What is going on! I keep going to events where the screen is the focus and the presenter is standing in half-darkness at the side of the presentation area.

Because we can’t see the presenter properly we can’t read facial expressions which are especially important if you are having difficulty hearing, because the presenter is talking to the screen.  The problem is made worse because the lack of light on the presenter makes them think they are unimportant and therefore they stop making eye contact and making an effort

In half-darkness the presenter is reduced to providing a Sir David Attenborough style voiceover to accompany the PowerPoint images but without the Attenborough intensity or vocal flare.
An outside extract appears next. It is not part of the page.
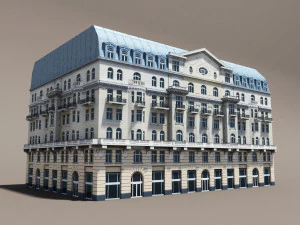 neoclassical hotel low poly 3D Model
Sometimes the only light is from a lectern shining directly up on to the presenters face making him look as if they are telling a children’s ghost story or narrating the Rocky Horror Picture Show.  It is always worth remembering not to stand in front of a window; if it becomes bright outside the contrast with the room lighting can cause the audience to only see a silhouette.

While we are on light sources, word of warning about the ceiling down lights often found in offices and venues.  You may think you are standing in the light if you are directly below one but this can make you look like a ghoul if there is no light from the front. Down light is what they used for Elvis, because it makes all the contours of the body stand out, especially in tight trousers.

In short presenters are the most important part of any presentation and they should be visible, front and centre so every aspect of their presentation can be understood.

What is on the screen is not as important as the presenter so if you are speaking in public … find an appropriate light and stay in it.